THE DATA ->
Content starts

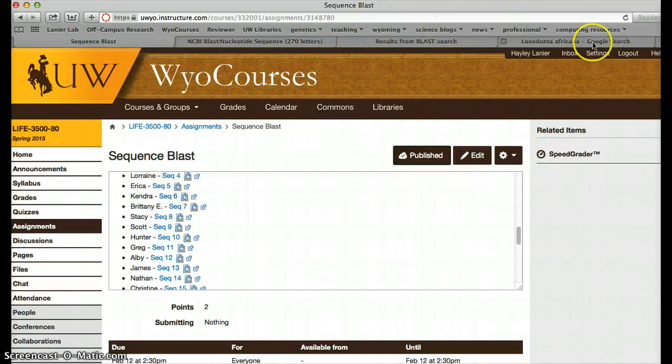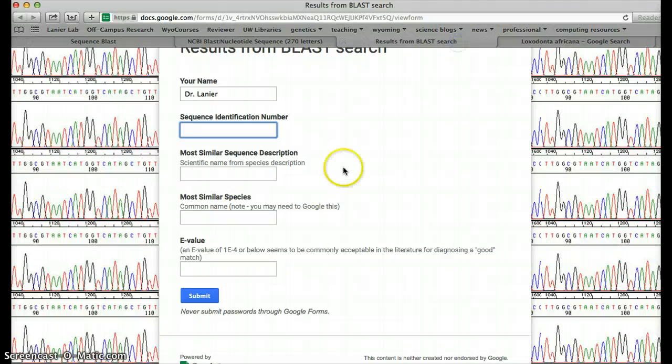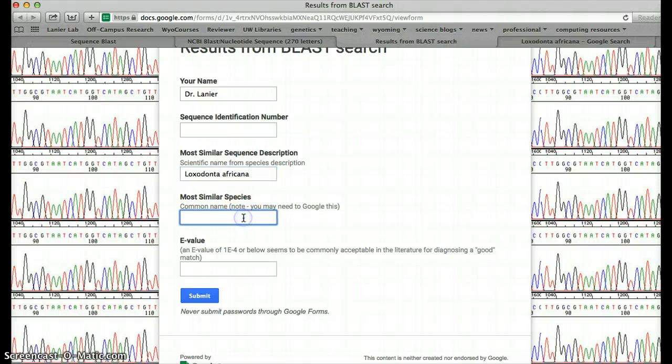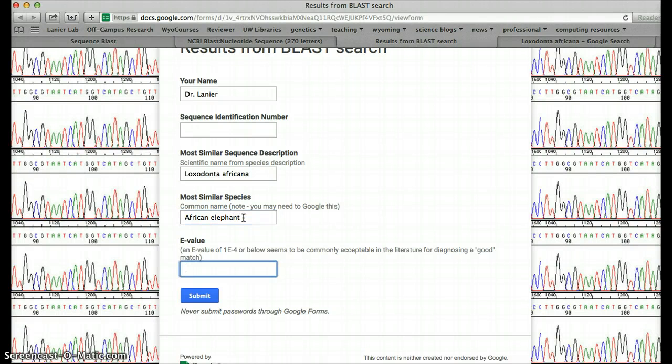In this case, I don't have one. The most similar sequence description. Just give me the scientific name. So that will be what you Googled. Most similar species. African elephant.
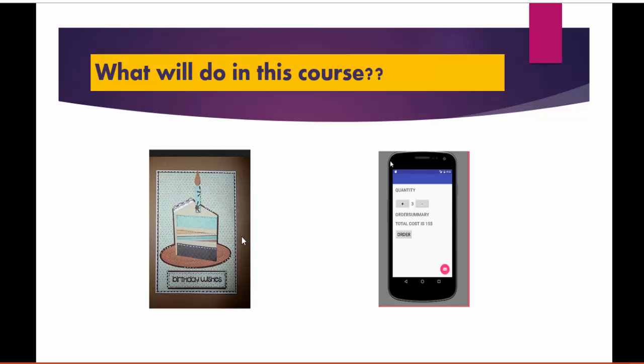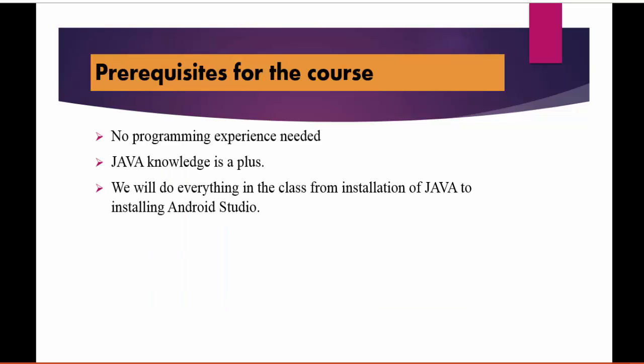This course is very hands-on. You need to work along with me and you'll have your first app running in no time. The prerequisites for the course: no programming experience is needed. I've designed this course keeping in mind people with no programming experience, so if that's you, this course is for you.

Content ends
Content starts

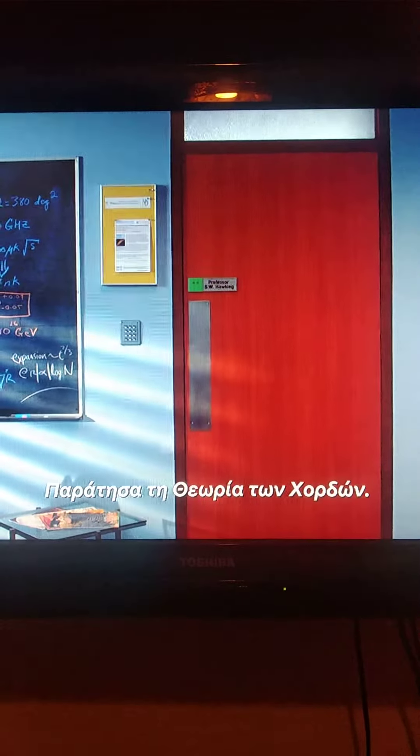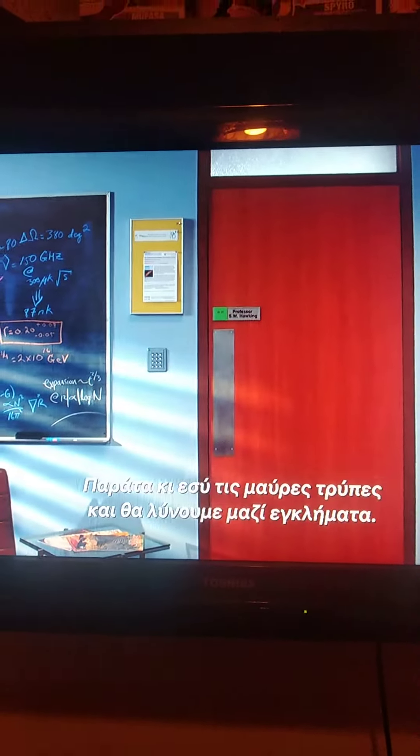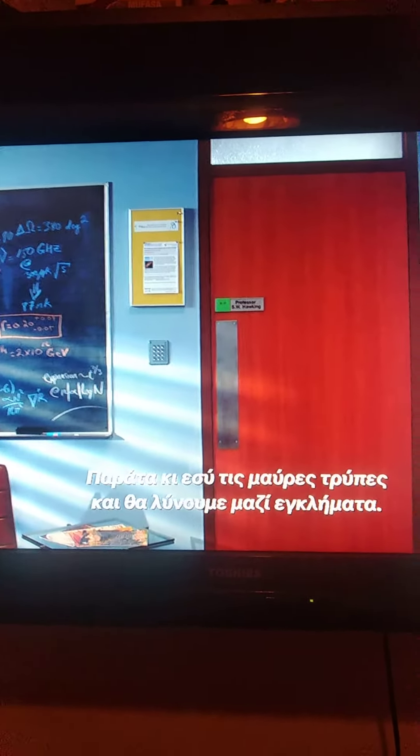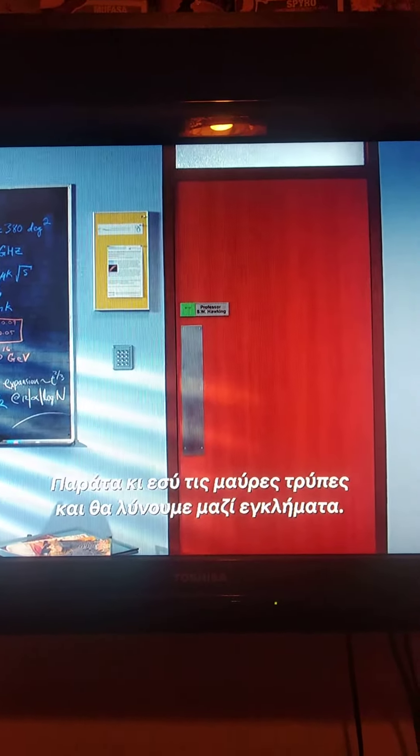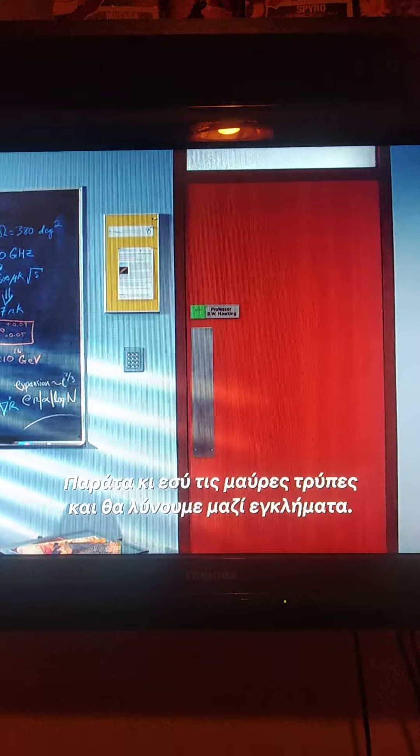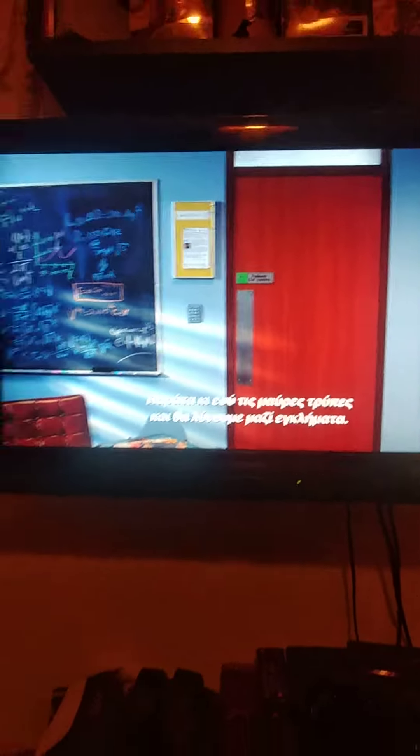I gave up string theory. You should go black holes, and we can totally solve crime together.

Content ends

WHAT YOU NEED TO DO ->
While skipping the pictures, transcribe the data above from the line showing "In this case, I" through the line showing "This course is very", exactly and with both ends.

ANSWER TO THIS TASK ->
In this case, I don't have one. The most similar sequence description. Just give me the scientific name. So that will be what you Googled. Most similar species. African elephant.
This course is very hands-on. You need to work along with me and you'll have your first app running in no time. The prerequisites for the course: no programming experience is needed. I've designed this course keeping in mind people with no programming experience, so if that's you, this course is for you.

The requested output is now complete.